[[ The input, beginning ]]
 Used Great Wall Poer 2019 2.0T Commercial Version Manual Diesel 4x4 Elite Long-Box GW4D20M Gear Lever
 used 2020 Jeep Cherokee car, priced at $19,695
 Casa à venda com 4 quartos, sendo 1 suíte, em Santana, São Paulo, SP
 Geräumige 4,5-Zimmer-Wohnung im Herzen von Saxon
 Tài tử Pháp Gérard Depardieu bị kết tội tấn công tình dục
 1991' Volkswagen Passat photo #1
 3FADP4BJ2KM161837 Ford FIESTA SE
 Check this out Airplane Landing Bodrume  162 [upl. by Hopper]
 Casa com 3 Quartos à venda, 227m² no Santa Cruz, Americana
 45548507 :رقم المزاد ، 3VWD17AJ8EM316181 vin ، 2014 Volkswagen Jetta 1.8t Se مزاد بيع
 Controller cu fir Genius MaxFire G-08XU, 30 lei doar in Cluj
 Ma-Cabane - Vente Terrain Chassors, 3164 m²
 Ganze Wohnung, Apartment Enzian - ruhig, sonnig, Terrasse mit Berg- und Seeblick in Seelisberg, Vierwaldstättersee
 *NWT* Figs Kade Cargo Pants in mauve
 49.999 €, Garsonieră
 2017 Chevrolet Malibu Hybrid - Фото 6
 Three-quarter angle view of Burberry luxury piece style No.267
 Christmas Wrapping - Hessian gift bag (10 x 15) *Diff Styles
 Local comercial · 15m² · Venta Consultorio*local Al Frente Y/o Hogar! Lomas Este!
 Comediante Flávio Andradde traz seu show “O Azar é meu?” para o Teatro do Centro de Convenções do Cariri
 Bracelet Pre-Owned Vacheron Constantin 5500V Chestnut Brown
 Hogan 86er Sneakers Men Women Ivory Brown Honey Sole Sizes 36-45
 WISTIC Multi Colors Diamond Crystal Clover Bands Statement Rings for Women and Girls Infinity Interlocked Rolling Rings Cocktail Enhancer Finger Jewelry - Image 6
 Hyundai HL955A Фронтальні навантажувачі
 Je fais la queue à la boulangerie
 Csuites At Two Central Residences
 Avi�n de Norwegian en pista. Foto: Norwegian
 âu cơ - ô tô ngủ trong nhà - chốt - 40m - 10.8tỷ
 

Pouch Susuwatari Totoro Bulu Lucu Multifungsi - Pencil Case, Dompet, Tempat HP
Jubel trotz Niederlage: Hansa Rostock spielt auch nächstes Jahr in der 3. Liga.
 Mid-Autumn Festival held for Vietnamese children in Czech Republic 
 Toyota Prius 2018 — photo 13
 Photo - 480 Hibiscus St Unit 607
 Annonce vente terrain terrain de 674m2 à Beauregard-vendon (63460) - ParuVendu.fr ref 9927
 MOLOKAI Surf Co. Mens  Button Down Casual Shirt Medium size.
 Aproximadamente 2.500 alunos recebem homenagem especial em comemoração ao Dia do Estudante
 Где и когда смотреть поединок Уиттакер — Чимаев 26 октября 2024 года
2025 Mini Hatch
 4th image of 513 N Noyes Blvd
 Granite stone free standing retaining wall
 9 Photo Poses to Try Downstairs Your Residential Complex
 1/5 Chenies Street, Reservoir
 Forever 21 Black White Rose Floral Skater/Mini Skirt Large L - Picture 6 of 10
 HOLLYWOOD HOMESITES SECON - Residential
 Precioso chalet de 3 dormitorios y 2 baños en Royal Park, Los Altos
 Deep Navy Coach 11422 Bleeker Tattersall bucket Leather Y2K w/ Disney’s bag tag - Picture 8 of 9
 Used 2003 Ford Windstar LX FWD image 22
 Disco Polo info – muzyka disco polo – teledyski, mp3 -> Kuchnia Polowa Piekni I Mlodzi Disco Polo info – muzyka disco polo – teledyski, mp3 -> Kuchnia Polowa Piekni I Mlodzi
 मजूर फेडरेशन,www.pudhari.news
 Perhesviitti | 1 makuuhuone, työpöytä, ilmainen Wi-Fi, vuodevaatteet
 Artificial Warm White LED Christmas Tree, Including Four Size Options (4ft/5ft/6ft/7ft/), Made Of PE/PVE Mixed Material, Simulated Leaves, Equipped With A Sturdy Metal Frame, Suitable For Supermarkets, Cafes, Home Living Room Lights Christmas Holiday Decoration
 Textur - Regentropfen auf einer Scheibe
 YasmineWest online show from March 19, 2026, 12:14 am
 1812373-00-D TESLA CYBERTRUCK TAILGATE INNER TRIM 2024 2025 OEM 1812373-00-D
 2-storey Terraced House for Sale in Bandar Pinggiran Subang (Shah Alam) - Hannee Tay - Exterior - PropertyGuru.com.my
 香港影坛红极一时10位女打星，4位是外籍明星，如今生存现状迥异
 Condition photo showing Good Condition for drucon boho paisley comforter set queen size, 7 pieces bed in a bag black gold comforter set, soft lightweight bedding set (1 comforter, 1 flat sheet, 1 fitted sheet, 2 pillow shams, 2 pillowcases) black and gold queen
[[ The input, end ]]
**Aim of the exercise**:
Locate the lines above that contain "Casa" and copy them.

**Response to this task**:
 Casa à venda com 4 quartos, sendo 1 suíte, em Santana, São Paulo, SP
 Casa com 3 Quartos à venda, 227m² no Santa Cruz, Americana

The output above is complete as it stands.